[Image-caption web data]
- - - - -
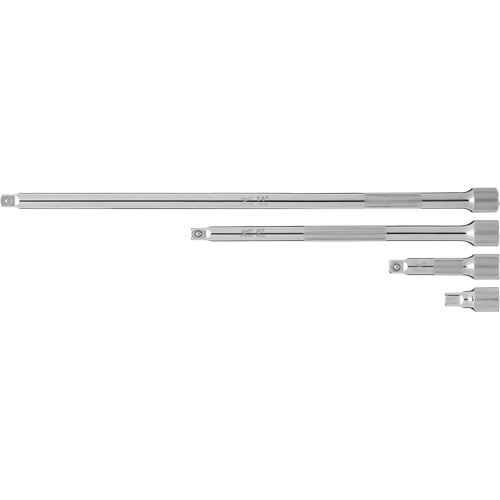 Drive Extension Set, 3/8" Drive, Chrome Finish, 4 Pcs Seagulf Marine Industries Inc.
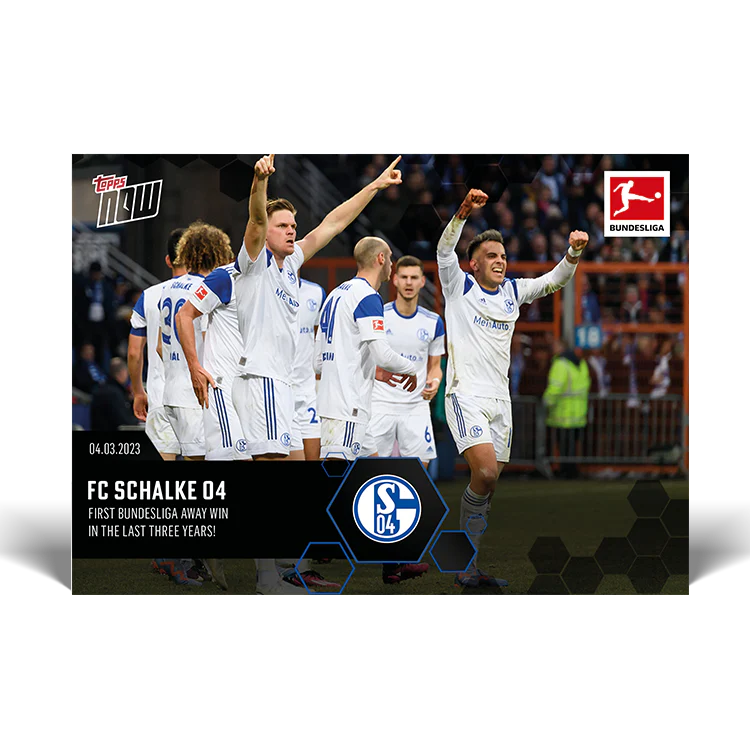 Topps UK - First Bundesliga away game in the last three years! - Bundesliga TOPPS NOW® Card #149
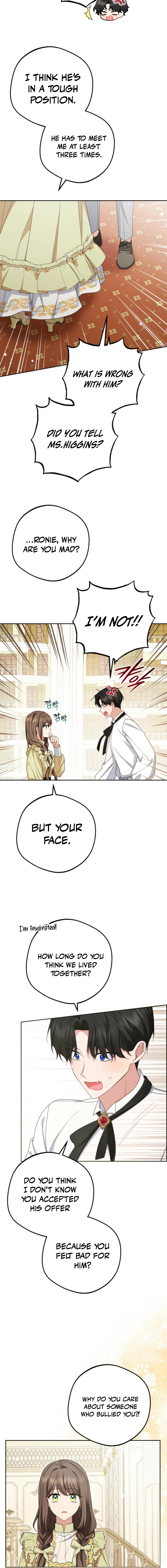 Read The Beloved Bashful Villainess chapter 87 image 11 on Lezhin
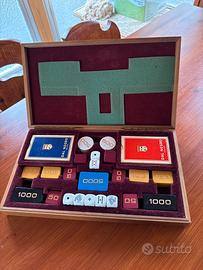 Set poker vintage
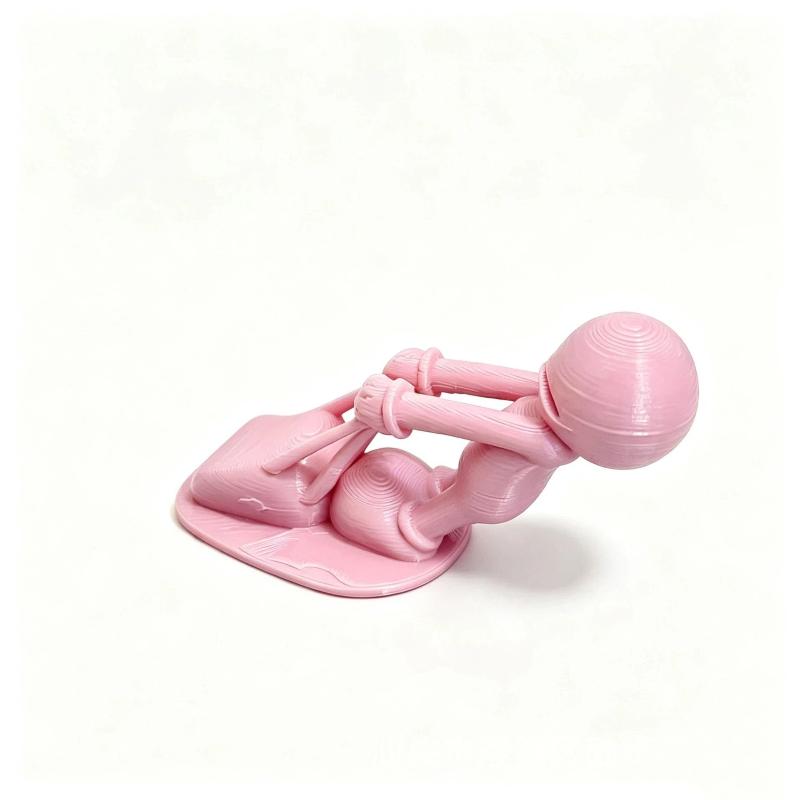 1Pcs Cute Decorative Door Stopper, Flexible And Movable Door Stopper, Anti Slip Base To Protect Walls,Home Decoration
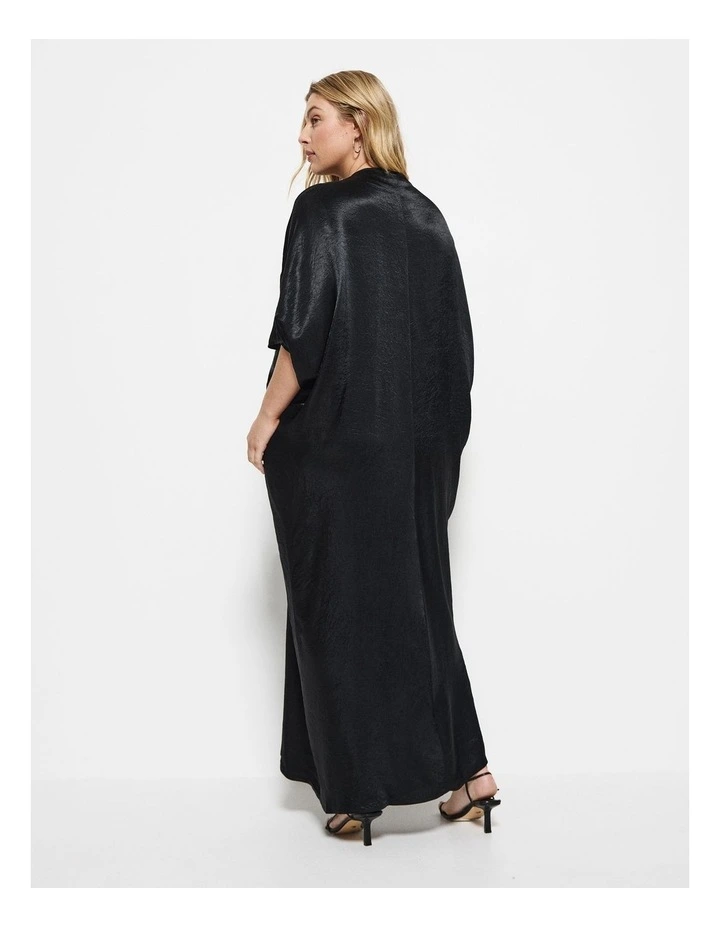 Julia Dress in Black image 2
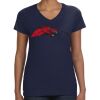 Ladies Perfect V-Neck T-Shirt Thumbnail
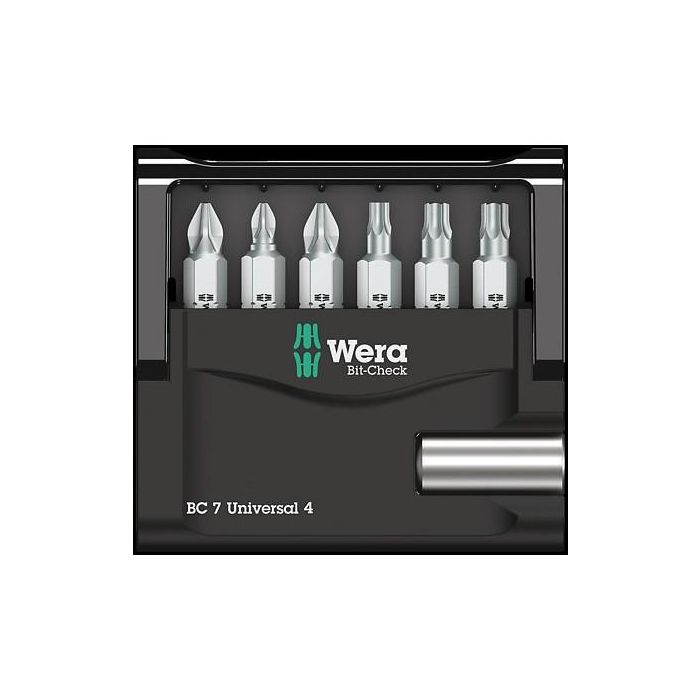 Wera Bit-Check 7 Universal 4 1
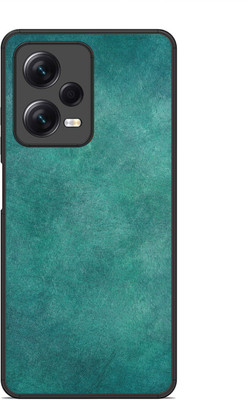 leeon Back Cover for Xiaomi Redmi Note 12 Pro 5G(Black, Dual Protection, Pack of: 1)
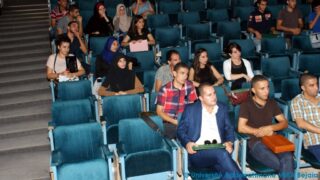 Cérémonie de clôture de de l’université d’été ANSEJ 126 Ceremonie cloture universite ete ANSEJ Universite de Bejaia Maison entrepreunariat 17 Septembre 2015 126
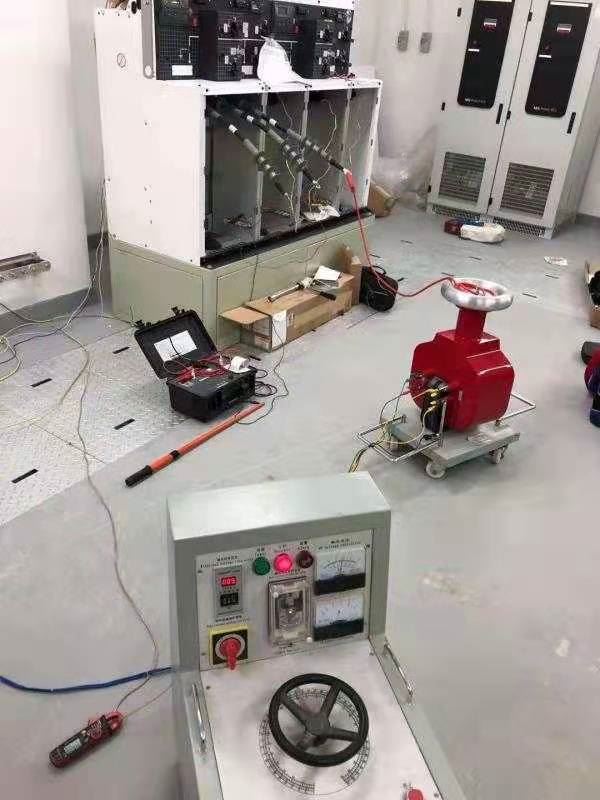 Several factors affecting AC withstand voltage test
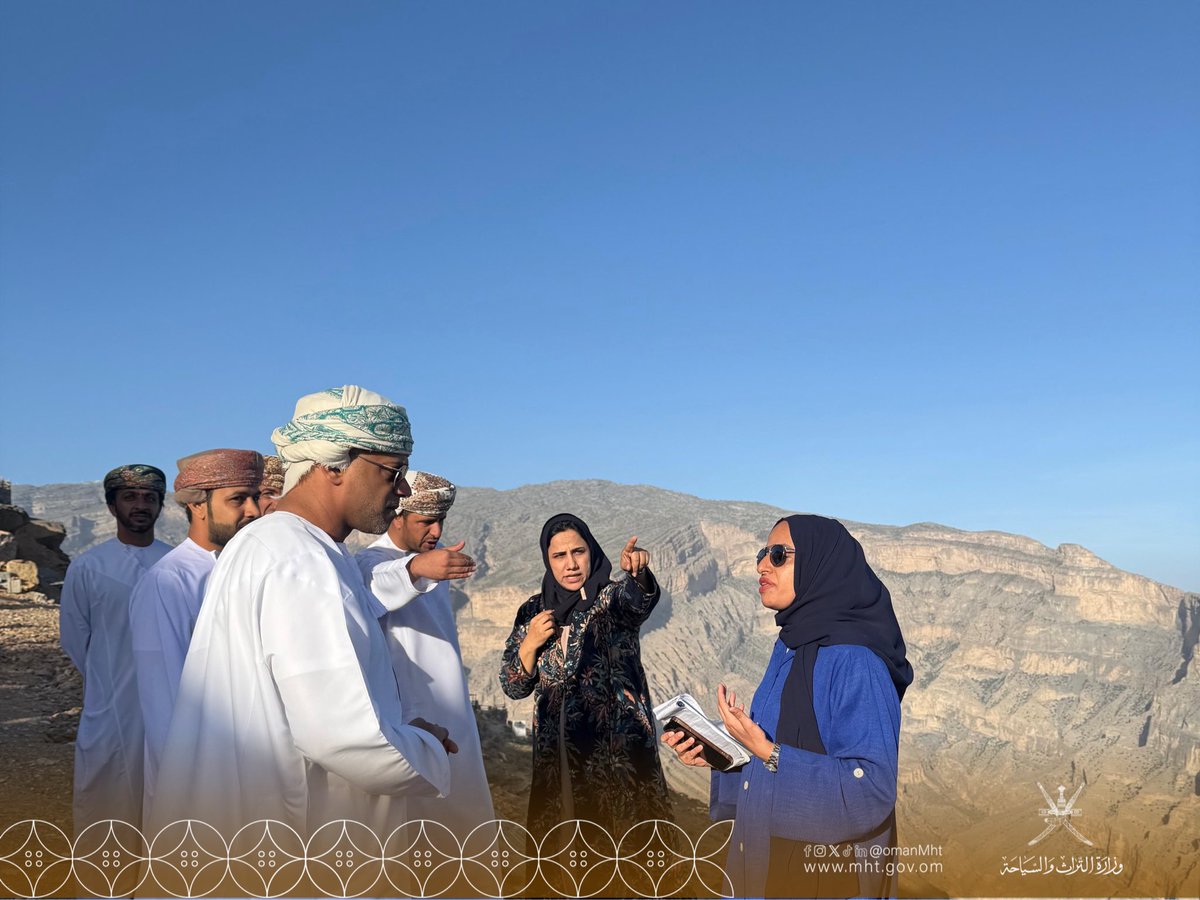 وزارة التراث والسياحة - سلطنة عُمان tweet media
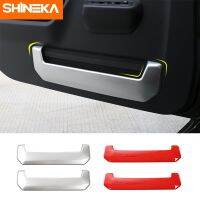 SHINEKA Car-styling Door Storage Box Cover Trim ABS Interior Decor Car-Covers Sticker For Suzuki Jimny 2007-2016 Car Accessories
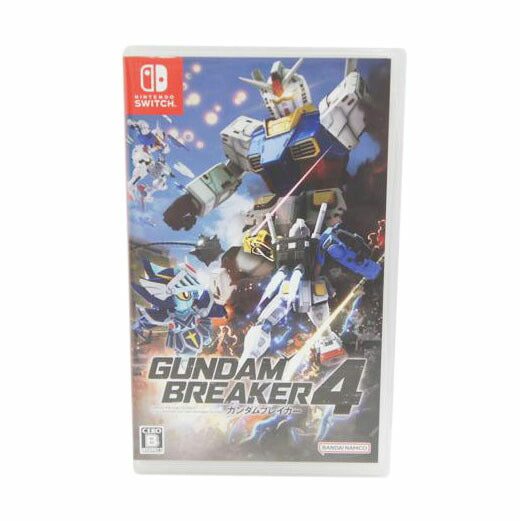 BANDAI　NAMCO バンダイナムコ/ガンダムブレイカー4／SWITCH//ABランク/05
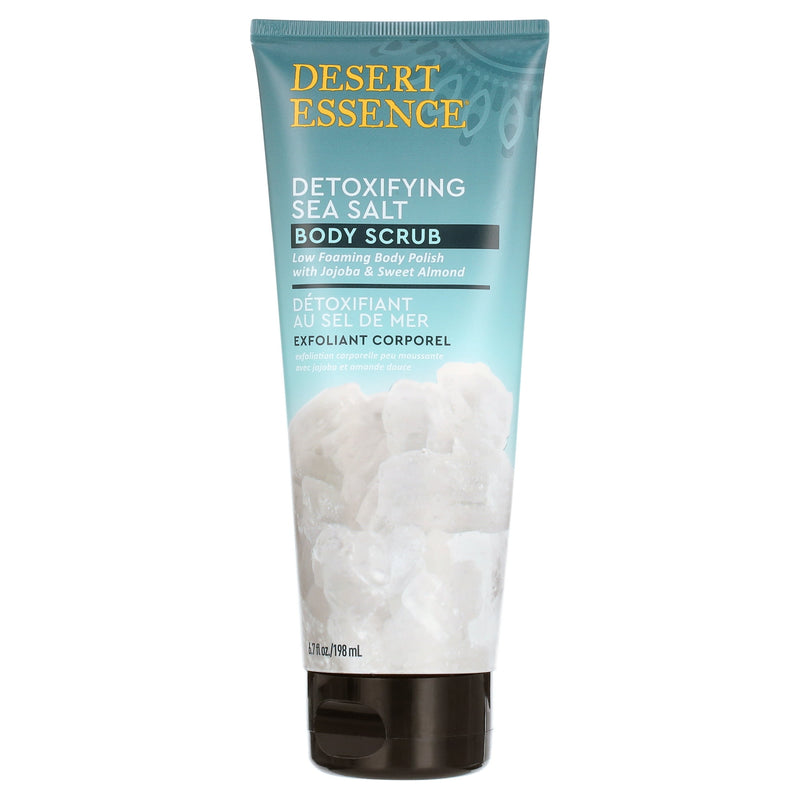 Desert Essence Sea Salt Body Scrub 6.7oz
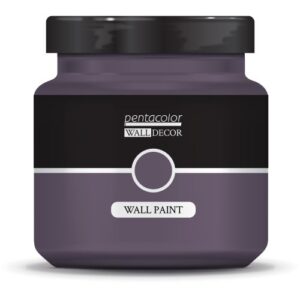 Barva na zeď WALL DECOR 1000 ml ŠVESTKOVÁ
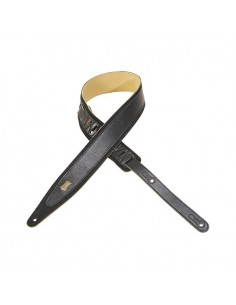 _ Accessori per strumenti a cordaTracolla per chitarra levy's ms317co-blk pelle nero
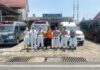 DVI Polda Kalsel Masih Identifikasi 16 Jenazah Korban KM Virgo Transport 8 Tim DVI Polda Kalsel yang melakukan proses identifikasi jenazah korban KM Virgo Transport 8 di RS Bhayangkara Banjarmasin. Foto: Polda Kalsel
- - - - -
What the task requires | Repeat the data exactly. Pictures should not appear.

Reply |
 Drive Extension Set, 3/8" Drive, Chrome Finish, 4 Pcs Seagulf Marine Industries Inc.
 Topps UK - First Bundesliga away game in the last three years! - Bundesliga TOPPS NOW® Card #149
 Read The Beloved Bashful Villainess chapter 87 image 11 on Lezhin
 Set poker vintage
 1Pcs Cute Decorative Door Stopper, Flexible And Movable Door Stopper, Anti Slip Base To Protect Walls,Home Decoration
 Julia Dress in Black image 2
 Ladies Perfect V-Neck T-Shirt Thumbnail
 Wera Bit-Check 7 Universal 4 1
 leeon Back Cover for Xiaomi Redmi Note 12 Pro 5G(Black, Dual Protection, Pack of: 1)
 Cérémonie de clôture de de l’université d’été ANSEJ 126 Ceremonie cloture universite ete ANSEJ Universite de Bejaia Maison entrepreunariat 17 Septembre 2015 126
 Several factors affecting AC withstand voltage test
 وزارة التراث والسياحة - سلطنة عُمان tweet media
 SHINEKA Car-styling Door Storage Box Cover Trim ABS Interior Decor Car-Covers Sticker For Suzuki Jimny 2007-2016 Car Accessories
 BANDAI　NAMCO バンダイナムコ/ガンダムブレイカー4／SWITCH//ABランク/05
 Desert Essence Sea Salt Body Scrub 6.7oz
 Barva na zeď WALL DECOR 1000 ml ŠVESTKOVÁ
 _ Accessori per strumenti a cordaTracolla per chitarra levy's ms317co-blk pelle nero
 DVI Polda Kalsel Masih Identifikasi 16 Jenazah Korban KM Virgo Transport 8 Tim DVI Polda Kalsel yang melakukan proses identifikasi jenazah korban KM Virgo Transport 8 di RS Bhayangkara Banjarmasin. Foto: Polda Kalsel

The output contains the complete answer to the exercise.